» Assignment: Nothing may be left out of the listing below but its images; repeat the rest exactly.

*** Opening of Exercise data ***

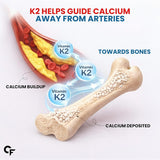 Carbamide Forte Vitamin K2 MK7 55mcg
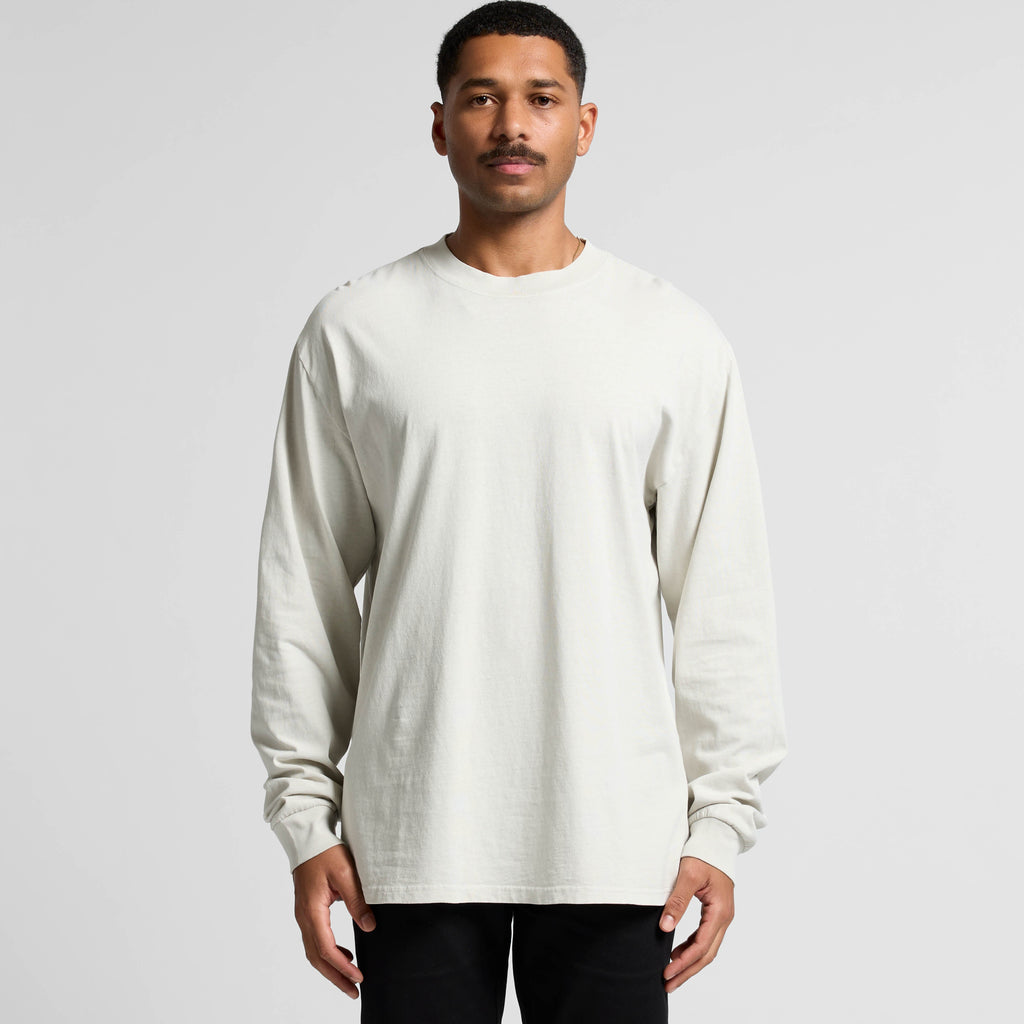 5083 HEAVY FADED LS TEE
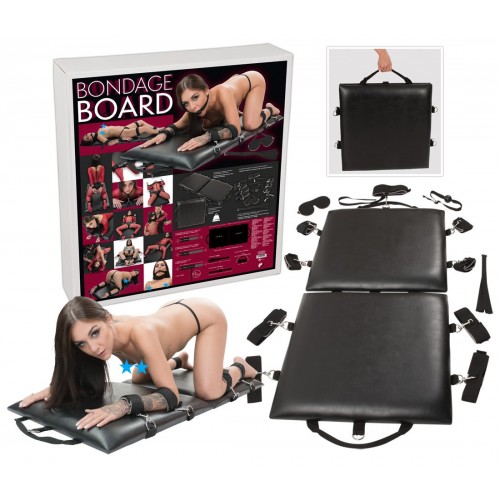 Bondage Board - Komplett Bondage-set i 13 delar Bondage Board - Komplett Bondage-set i 13 delar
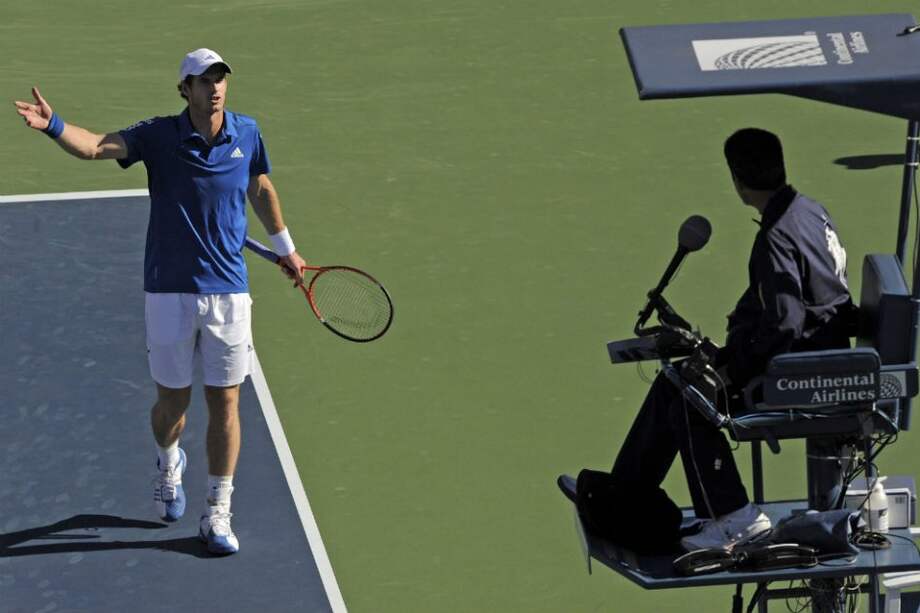 Árbitro de tenis suspendido por apostar. Foto: EFE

*** Close of Exercise data ***

» Response to the exercise:
 Carbamide Forte Vitamin K2 MK7 55mcg
 5083 HEAVY FADED LS TEE
 Bondage Board - Komplett Bondage-set i 13 delar Bondage Board - Komplett Bondage-set i 13 delar
 Árbitro de tenis suspendido por apostar. Foto: EFE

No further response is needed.